Third, stimulants work for many people in the short term, but for those with an underlying condition causing them to feel distracted, the drugs serve as Band-Aids at best, masking and sometimes exacerbating the source of the problem.
In my view, there are two types of people who are diagnosed with ADHD: those who exhibit a normal level of distraction and impulsiveness, and those who have another condition or disorder that requires individual treatment.
For my patients who are in the first category, I recommend that they eat right, exercise more often, get eight hours of quality sleep a night, minimize caffeine intake in the afternoon, monitor their cell-phone use while they’re working and, most important, do something they’re passionate about. Like many children who act out because they are not challenged enough in the classroom, adults whose jobs or class work are not personally fulfilling or who don’t engage in a meaningful hobby will understandably become bored, depressed and distracted. In addition, today’s rising standards are pressuring children and adults to perform better and longer at school and at work. I too often see patients who hope to excel on four hours of sleep a night with help from stimulants, but this is a dangerous, unhealthy and unsustainable way of living over the long term.
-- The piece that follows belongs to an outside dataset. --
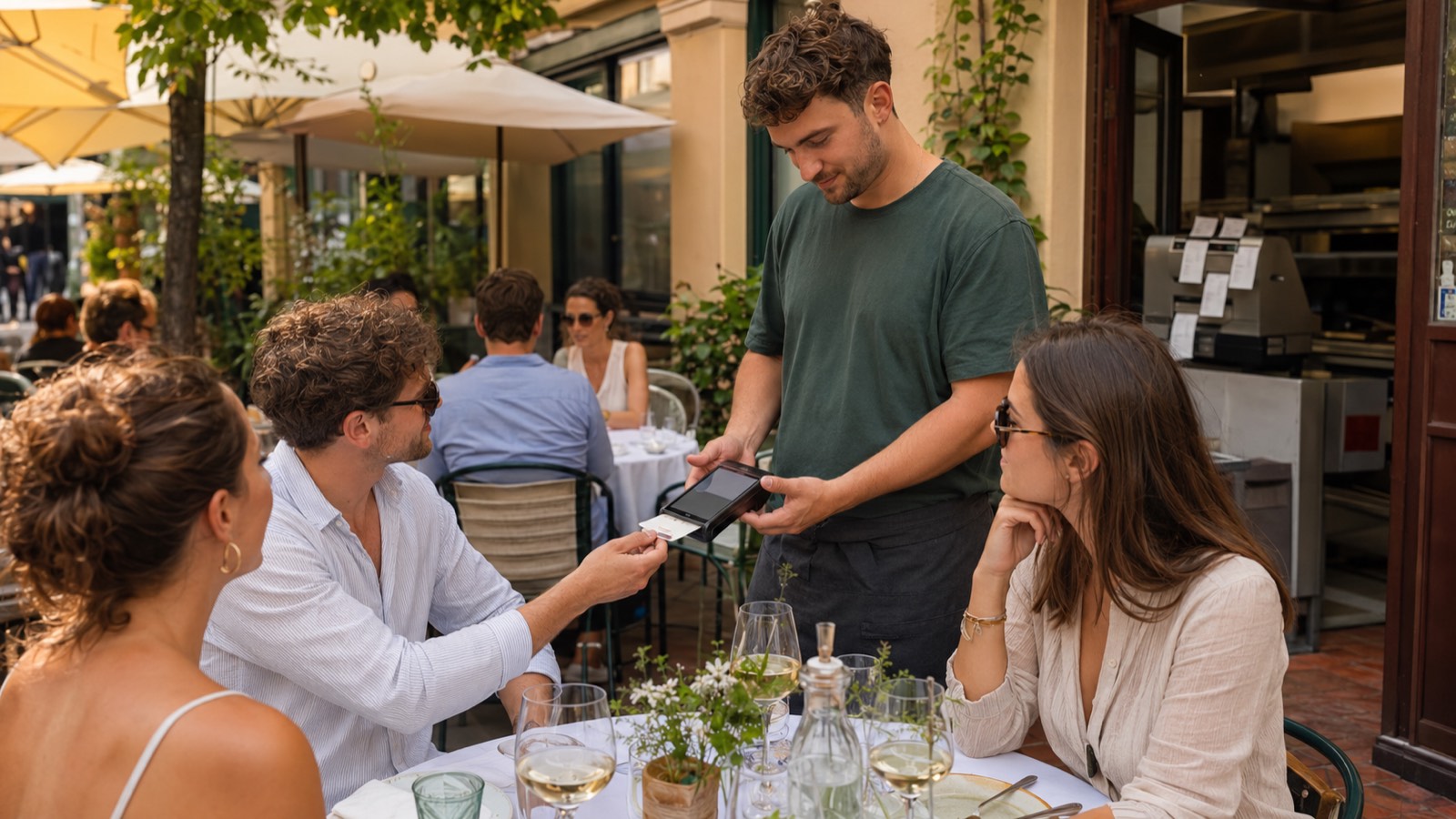 Kassensystem für den Gastgarten: Tisch-Splitting, Trinkgeld und Küchenbons in der Sommersaison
For my second group of patients with severe attention issues, I require a full evaluation to find the source of the problem. Usually, once the original condition is found and treated, the ADHD symptoms go away.
It’s time to rethink our understanding of this condition, offer more thorough diagnostic work and help people get the right treatment for attention deficit and hyperactivity.
Dr. Richard Saul is a behavioral neurologist practicing in the Chicago area. His book, ADHD Does Not Exist, is published by HarperCollins.